SideBar    Examining the SQL Server Release Cycle

Managing Report Properties

After you switch the report server to integrated mode, you can no longer use Report Manager or SQL Server Management Studio (SSMS) to manage report properties. Reports in integrated mode have the same properties you use to manage reports in native mode. A report has a context menu, which Figure 3 shows, to let users with either Contribute or Full Control permission access all report properties. Users with only Read permission have a more limited set of options on this menu.

If you use shared schedules for report snapshot generation or subscription delivery, you need to set up and manage these schedules across the site. Just click Site Actions, point to Site Settings, click Modify All Site Settings, and click Manage Shared Schedules in the Reporting Services section. Here, you can also pause or resume existing shared schedules. You use a report’s Subscription Properties or Manage Processing Options page to manage custom schedules, but keep in mind that, unlike with shared schedules, there’s no central location for managing all custom schedules.

One of the first new capabilities you should consider implementing in integrated mode is report metadata. With native SSRS, you can store as metadata only the name and description fields. But in integrated mode, you can add more report metadata fields to help users find and use the reports they need. Simply open the Settings menu in the document library, and click Create Column. In the Create Column page, you can define a name, data type, and field length and specify whether the column is required. You can even provide a default value. Note that even if you specify a column as required, reports can be deployed and approved without satisfying this requirement. However, the next time you use the Edit Properties command on a report, you must provide a value for the required column to save any other property changes you make.

MOSS also includes auditing and expiration features.
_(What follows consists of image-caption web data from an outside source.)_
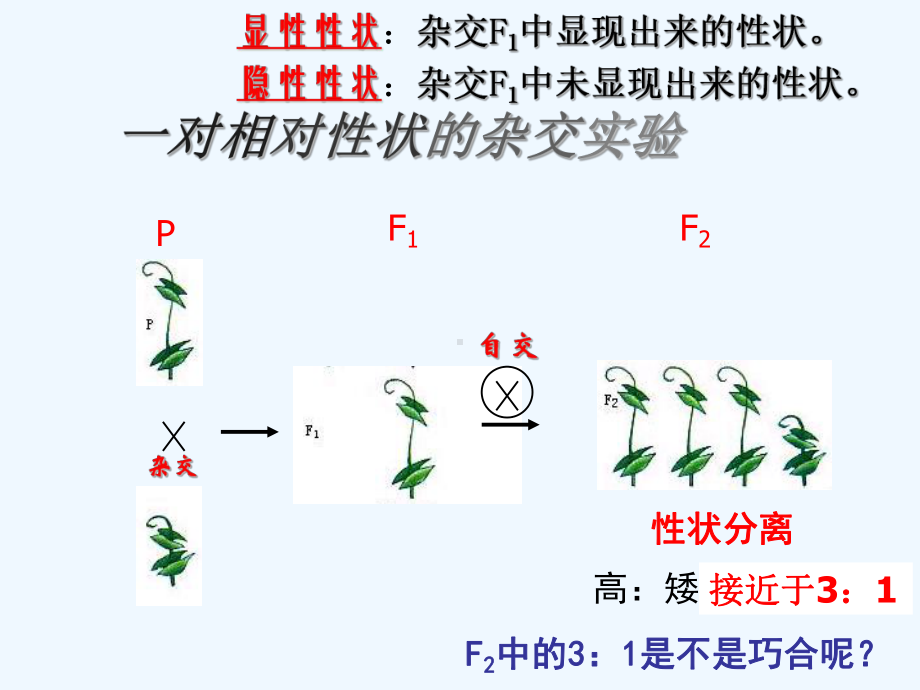 基因的分离定律L1课件.ppt_第3页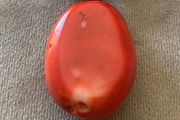 Red Coral Pendant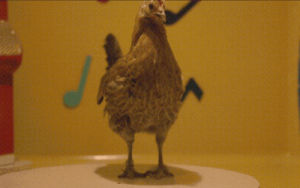 dance,chicken dance,funny animal,werner herzog,dancing chicken,animal dance,chicken,stroszek,chicken scratch,fandor,movie scene,film scene,funny chicken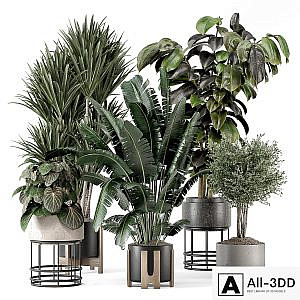 Indoor Plants in Ferm Living Bau Pot Large - Set 1351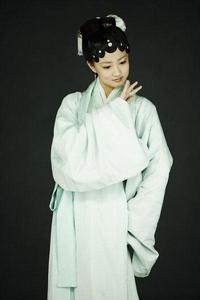 <<紅樓夢>>[2010年李少紅執導的古裝情感劇]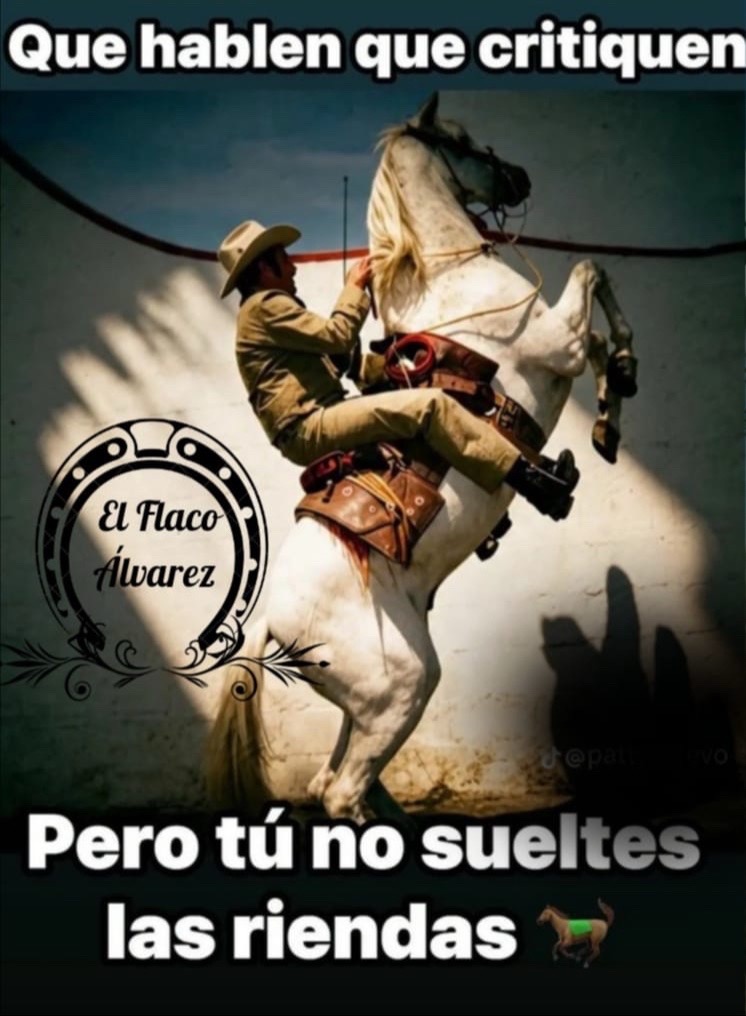 @El Flaco &Aacute;lvarez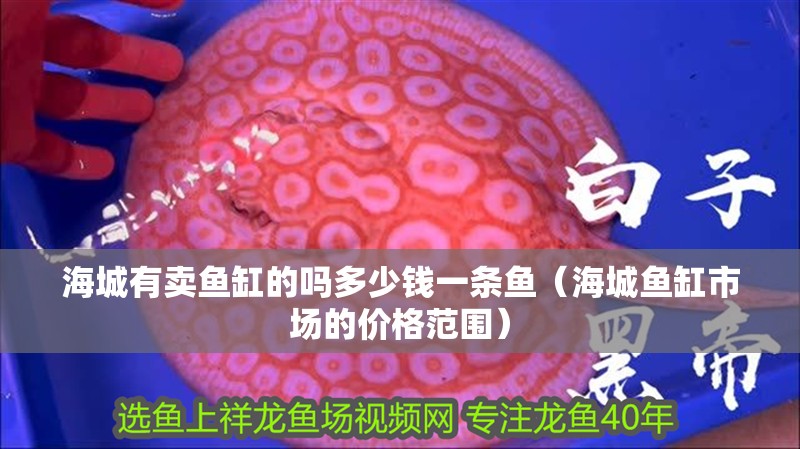海城有賣魚缸的嗎多少錢一條魚（海城魚缸市場的價格范圍）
To learn more about implementing these features, see the Web-exclusive sidebar “Enabling Information- Management Policies,” InstantDoc ID 97156.

Managing Versions

MOSS integrated mode brings new version-management capabilities to SSRS. Versioning is managed at the library level, so open the applicable document library, and select Document Library Settings from the Settings menu. In the General Settings section, click Versioning Settings. In the Document Library Versioning Settings page, which Figure 4 shows, you can configure several options to control the status and visibility of new content, including whether a newly uploaded report must be approved before it’s visible to all users with access to the library. This feature is great for testing the appearance and behavior of a report on the server before making it available to everyone.

The process for approving a report is slightly different than approving a data source because the approval mechanism isn’t available from the report’s context menu. Instead, an authorized approver must open the context menu, click View Properties, and then change the status to Pending. Only then does the report’s context menu include the Approve/Reject command.

You can also specify whether report edits generate a new version and, if so, whether versions should be tracked as major versions or as major and minor versions. To prevent versioning history from spiraling out of control, you can limit the number of versions that can accumulate.

You can also require that a report be checked out before it can be edited. If you enable this requirement, edits become changes to the report’s properties that you perform by selecting Edit Properties on the report’s context menu. Using Check In and Check Out prevents two people from simultaneously making changes to the same item. Be aware that you can redeploy a report from BIDS without first checking it out, but each deployment of the report updates the versioning history.

You can’t render a previous version of a report in MOSS, but you do have access to the report definition language (RDL) for that version if you open the version’s context menu and click View. Just copy and paste the RDL into a report’s code page in BIDS, and then preview the report in that environment, as long as the data source and queries in the report are still valid. From the version history list, you can use the Restore command on the context menu to replace the current version with a previous version. However, you first need to check out the report before you can revert to a previous version.